TASK DATA below:

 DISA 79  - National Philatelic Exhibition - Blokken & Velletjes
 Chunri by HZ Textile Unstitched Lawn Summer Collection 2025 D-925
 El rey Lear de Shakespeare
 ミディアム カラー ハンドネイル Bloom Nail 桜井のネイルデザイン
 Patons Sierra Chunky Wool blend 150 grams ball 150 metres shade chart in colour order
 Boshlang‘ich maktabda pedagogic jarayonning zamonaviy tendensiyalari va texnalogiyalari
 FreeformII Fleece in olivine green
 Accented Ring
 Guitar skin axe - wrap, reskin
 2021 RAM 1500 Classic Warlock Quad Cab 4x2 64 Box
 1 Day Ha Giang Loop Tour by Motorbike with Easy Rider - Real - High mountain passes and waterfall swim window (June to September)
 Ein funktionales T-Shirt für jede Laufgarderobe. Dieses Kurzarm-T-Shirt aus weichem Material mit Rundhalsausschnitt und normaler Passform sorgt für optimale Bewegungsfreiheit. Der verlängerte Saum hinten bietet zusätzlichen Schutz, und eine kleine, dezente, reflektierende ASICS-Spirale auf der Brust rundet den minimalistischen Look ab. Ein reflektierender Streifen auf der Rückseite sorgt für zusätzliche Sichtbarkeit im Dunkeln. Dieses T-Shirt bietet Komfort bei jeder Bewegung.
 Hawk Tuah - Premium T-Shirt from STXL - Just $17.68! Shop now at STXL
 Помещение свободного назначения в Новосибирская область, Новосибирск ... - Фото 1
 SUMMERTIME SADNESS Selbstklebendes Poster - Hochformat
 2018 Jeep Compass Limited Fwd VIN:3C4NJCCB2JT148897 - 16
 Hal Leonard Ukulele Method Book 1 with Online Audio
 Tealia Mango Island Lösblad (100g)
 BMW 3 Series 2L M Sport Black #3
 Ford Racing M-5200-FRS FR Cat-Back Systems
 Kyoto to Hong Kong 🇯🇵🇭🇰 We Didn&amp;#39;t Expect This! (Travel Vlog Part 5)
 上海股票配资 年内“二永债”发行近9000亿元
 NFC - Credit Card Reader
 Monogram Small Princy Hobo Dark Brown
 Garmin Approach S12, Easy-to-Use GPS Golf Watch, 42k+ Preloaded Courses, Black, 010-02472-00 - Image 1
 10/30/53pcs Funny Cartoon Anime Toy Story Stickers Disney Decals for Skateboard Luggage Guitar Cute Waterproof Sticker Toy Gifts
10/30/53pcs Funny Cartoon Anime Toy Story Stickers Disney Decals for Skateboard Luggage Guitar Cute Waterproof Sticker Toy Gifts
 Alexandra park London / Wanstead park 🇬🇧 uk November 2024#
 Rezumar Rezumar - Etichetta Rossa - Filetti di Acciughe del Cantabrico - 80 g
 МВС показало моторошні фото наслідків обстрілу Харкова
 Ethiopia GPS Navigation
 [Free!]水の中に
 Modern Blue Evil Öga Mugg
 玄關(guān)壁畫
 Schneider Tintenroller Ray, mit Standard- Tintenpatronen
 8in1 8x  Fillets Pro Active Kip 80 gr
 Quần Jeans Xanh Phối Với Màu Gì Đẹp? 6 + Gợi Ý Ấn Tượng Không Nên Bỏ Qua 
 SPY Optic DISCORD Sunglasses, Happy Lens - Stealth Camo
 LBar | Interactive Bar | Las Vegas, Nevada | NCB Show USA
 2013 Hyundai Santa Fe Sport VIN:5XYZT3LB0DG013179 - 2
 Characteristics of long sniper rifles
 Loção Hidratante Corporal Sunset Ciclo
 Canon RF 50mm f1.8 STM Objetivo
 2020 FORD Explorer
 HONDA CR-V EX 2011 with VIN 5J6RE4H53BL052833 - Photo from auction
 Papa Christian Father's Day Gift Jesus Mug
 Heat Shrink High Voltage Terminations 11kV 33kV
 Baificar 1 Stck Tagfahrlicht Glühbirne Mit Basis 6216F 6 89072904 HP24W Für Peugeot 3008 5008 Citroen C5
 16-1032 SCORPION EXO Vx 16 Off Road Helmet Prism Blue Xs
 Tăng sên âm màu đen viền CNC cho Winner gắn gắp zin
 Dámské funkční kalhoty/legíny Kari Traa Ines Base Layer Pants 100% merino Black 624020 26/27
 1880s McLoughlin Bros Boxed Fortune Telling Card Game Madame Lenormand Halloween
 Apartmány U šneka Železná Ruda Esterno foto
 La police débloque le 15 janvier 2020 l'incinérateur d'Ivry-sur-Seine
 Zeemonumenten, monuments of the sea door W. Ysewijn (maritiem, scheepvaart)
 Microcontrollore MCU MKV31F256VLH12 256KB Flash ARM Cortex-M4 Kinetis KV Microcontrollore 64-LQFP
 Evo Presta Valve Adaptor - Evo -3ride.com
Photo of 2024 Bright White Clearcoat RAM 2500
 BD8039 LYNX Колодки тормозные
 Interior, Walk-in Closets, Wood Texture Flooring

End of TASK DATA.

- [WORK REQUEST] Print the records above verbatim from their first line to the line containing "1 Day Ha Giang", both included, and stop there.

- [SOLVED PROBLEM]
 DISA 79  - National Philatelic Exhibition - Blokken & Velletjes
 Chunri by HZ Textile Unstitched Lawn Summer Collection 2025 D-925
 El rey Lear de Shakespeare
 ミディアム カラー ハンドネイル Bloom Nail 桜井のネイルデザイン
 Patons Sierra Chunky Wool blend 150 grams ball 150 metres shade chart in colour order
 Boshlang‘ich maktabda pedagogic jarayonning zamonaviy tendensiyalari va texnalogiyalari
 FreeformII Fleece in olivine green
 Accented Ring
 Guitar skin axe - wrap, reskin
 2021 RAM 1500 Classic Warlock Quad Cab 4x2 64 Box
 1 Day Ha Giang Loop Tour by Motorbike with Easy Rider - Real - High mountain passes and waterfall swim window (June to September)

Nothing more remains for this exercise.